Momma don’t take my kodachrome away!
They give us those nice bright colors
Give us the greens of summer
Makes you think all the world’s a summer day, oh yeah
I’ve got a Nikon camera
I love to take photographs
Momma don’t take my Kodachrome away!
Paul Simon, 1973
When Eastman Kodak announced June 22 that after 74 years, they would no longer be producing Kodachrome film, it was truly the end of a long and colorful era.
Kodachrome was originally introduced back in 1935 as a color reversal 35mm movie film which was quickly adapted for new 35mm handheld Leica cameras.

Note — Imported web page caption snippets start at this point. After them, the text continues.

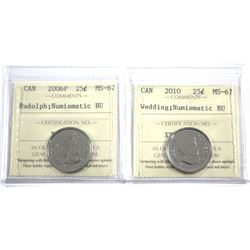 2006P Canada 25-cent Coloured Rudolph & 2010 25-cent Coloured Wedding ICCS Certified MS-67 Numismati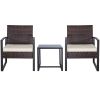Patio PE Wicker Furniture Set with Washable Cushions
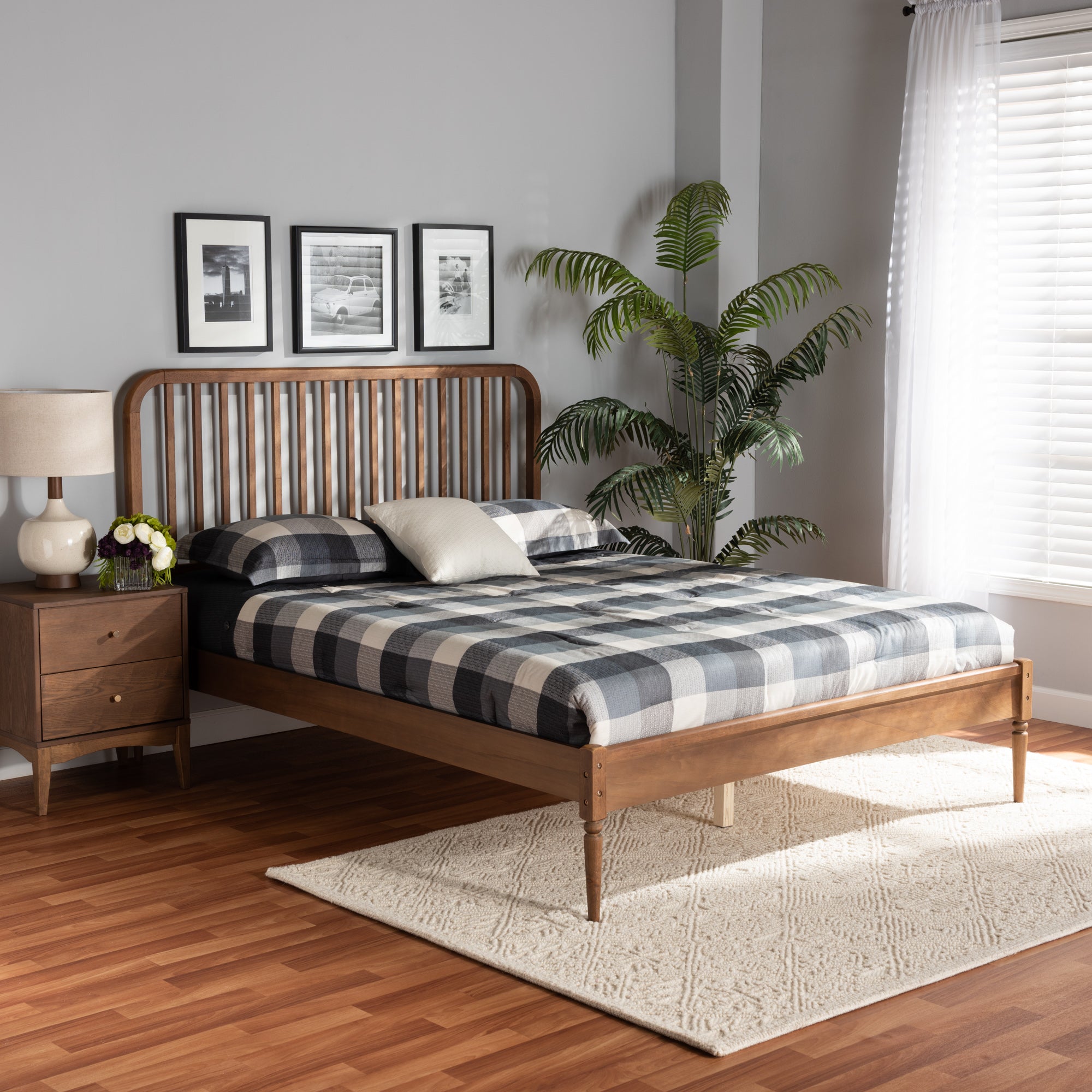 Neilan Walnut Brown Finished Wood Full Size Platform Bed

Originally, each roll of film came packed with it’s own pre-paid mailer so picture takers could push the button, and let Kodak do the rest, at numerous Kodak labs around the country. A week or two later, a nice little yellow box would appear in the mail that contained two rows of neatly stacked slides with the date stamped on the back.
It was a daylight film. So photographers who wanted to use Kodachrome under studio lighting needed to balance their lights, with gels, or use strobes. Exposure was critical.
But over the years the K-14 process became tedious and expensive. The 14 step process was too critical for most home darkrooms. Then, with the advent of Ektachrome, which not only came in several flavors; some more sensitive to light, and some balanced for tungsten lighting, but more importantly, Ektachrome could also be processed by local E-6 color labs in as little as one or two hours, Kodachrome was relegated to the realm of professional photographers and serious amateurs who relished it’s fine grain, warm tones, and more archival qualities.
Not to worry if you still have a few rolls of Kodachrome in the fridge, or somewhere around the house in that old film camera, or if you managed to pick up a brick on eBay. Dwayne’s Photo Service, of Parsons, Kansas, the last remaining Kodachrome lab, will continue processing rolls through December 31st 2010.